The full listing should be written out verbatim, and its images should be dropped.

(Stored data begins)

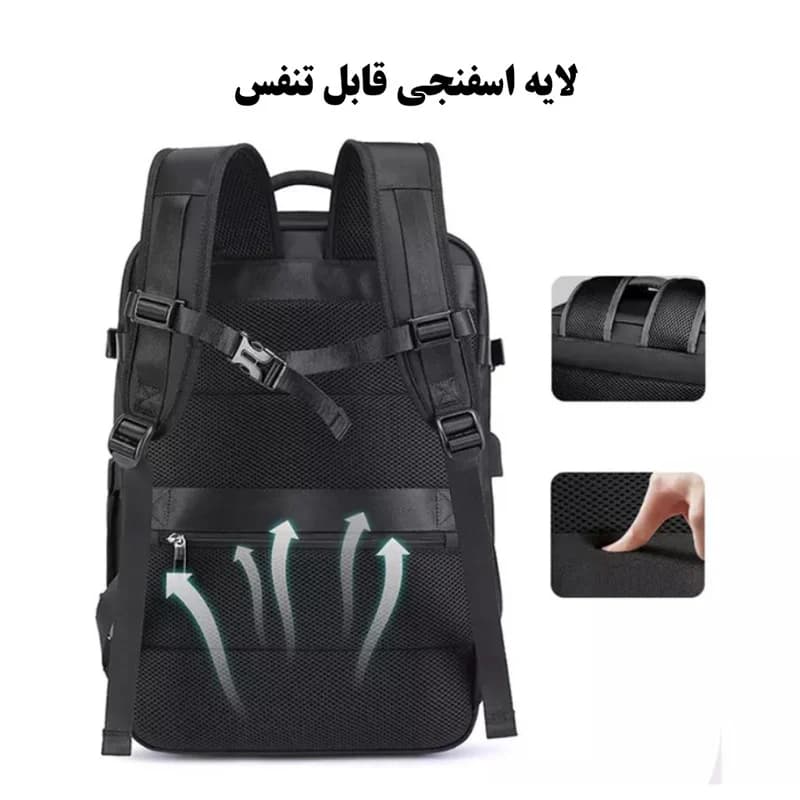 کوله پشتی لپ تاپ بنج مدل 1801 مناسب برای لپ تاپ 14.1 تا 15.6 اینچی — تصویر ۵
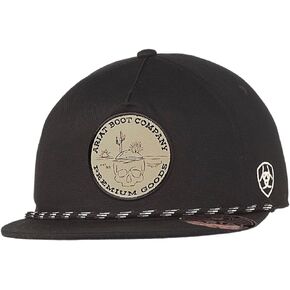 ARIAT Mens Snap Back Skull Desert Patch Black Cap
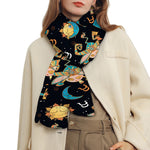 Cute Cartoon Taurus Pattern Print Scarf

(Stored data ends)

Solution to this task -
 کوله پشتی لپ تاپ بنج مدل 1801 مناسب برای لپ تاپ 14.1 تا 15.6 اینچی — تصویر ۵
 ARIAT Mens Snap Back Skull Desert Patch Black Cap
 Cute Cartoon Taurus Pattern Print Scarf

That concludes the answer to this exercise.